What we have seen farther above, then, is that in the time of Khmelnytsky, Jews were given near-absolute powers over Ukrainians, and that through the exercise of these powers they ruthlessly reduced Ukrainians to conditions described by Shahak in such words as "utterly enslaved peasantry" or "utter serfdom, hardly distinguishable from outright slavery."  And what we have just seen in the above sampling of Jewish religious laws is that the all-powerful Jew lived and breathed an ideology that permitted — and more typically even commanded — him to kill Ukrainians, deny them medical treatment, work them like animals, rape them, defraud them, curse them.  The Ukrainian was little better than a beast of burden and had small protection from whatever abuse his Jewish overlord chose to heap on him, or whatever extortion he chose to practice upon him.  And so it is particularly the existence and implementation of such Jewish religious laws against Gentiles in general — and thus also against Ukrainians in particular — as those mentioned above that justifies Shahak's describing Jews at the time of the Khmelnytsky rebellion as being superstitious, fanatical, stifling, exploitative, and oppressive:

In the period of 1500-1795, one of the most superstition-ridden in the history of Judaism, Polish Jewry was the most superstitious and fanatic of all Jewish communities.  The considerable power of the Jewish autonomy was used increasingly to stifle all original or innovative thought, to promote the most shameless exploitation of the Jewish poor by the Jewish rich in alliance with the rabbis, and to justify the Jews' role in the oppression of the peasants in the service of the nobles.  (Israel Shahak, 1994, p. 63)
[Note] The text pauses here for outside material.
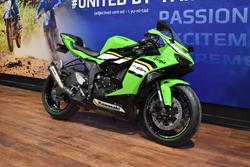 2025 Kawasaki 2025 Kawasaki 636CC ZX636JSFAN Green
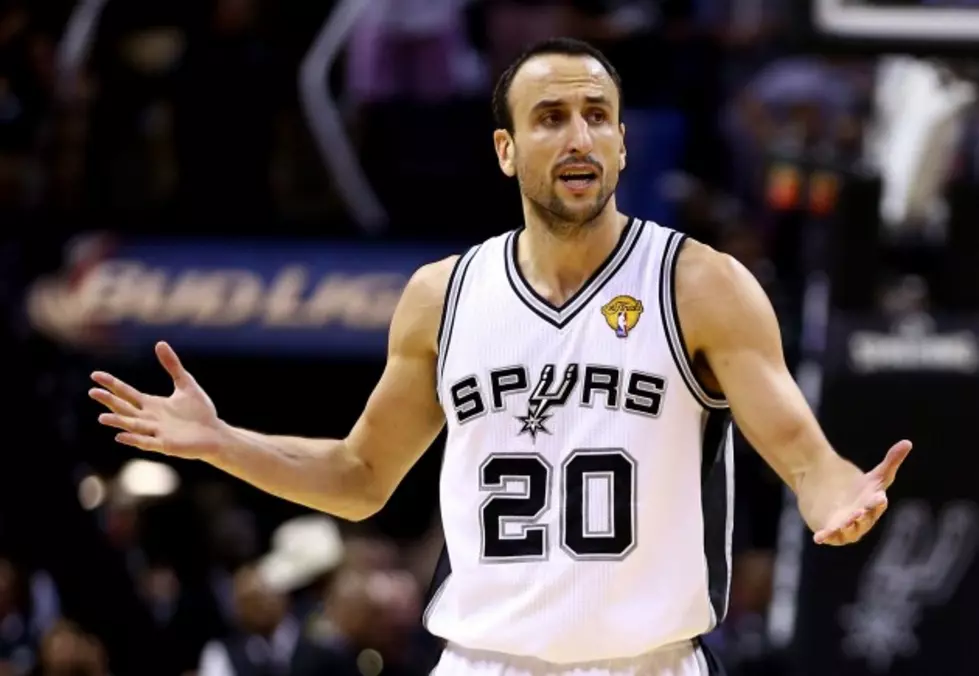 Spurs P.A. Announcer is Only Off by 18,000 Years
The above picture of Jewish culture in Ukraine, then, has been entirely banned from your book and replaced instead by a buoyant Broadway-musical stage set which is unreal and whose presentation serves to obscure the chief underlying causes of the Khmelnytsky rebellion, and thus serves also to perpetuate the popular view that the rebellion was a spontaneous outburst of anti-Semitism.


Conclusion

In conclusion, I am disappointed to find that a history of Ukraine written by a faculty member at Canada's most prestigious university shows unmistakable signs of being anti-Ukrainian.  The anti-Ukrainian perversion of history, it seems to me, is already broadcast far and wide in our society, so that it needs no reinforcement from the halls of academe, and being wrong, it deserves none.  Surely the one place that the Ukrainian view should at least be given a rare hearing would be from the lips of an academic teaching Ukrainian history in the most prominent academic forum in the nation — but instead, that forum is used to echo, and thus to inculcate even more strongly, calumnies concerning Ukraine.

Thus, I question your suitability for the position that you occupy, and I urge Ukrainians generally to recognize that the role you have chosen to play is both hostile to truth and harmful to Ukrainian interests.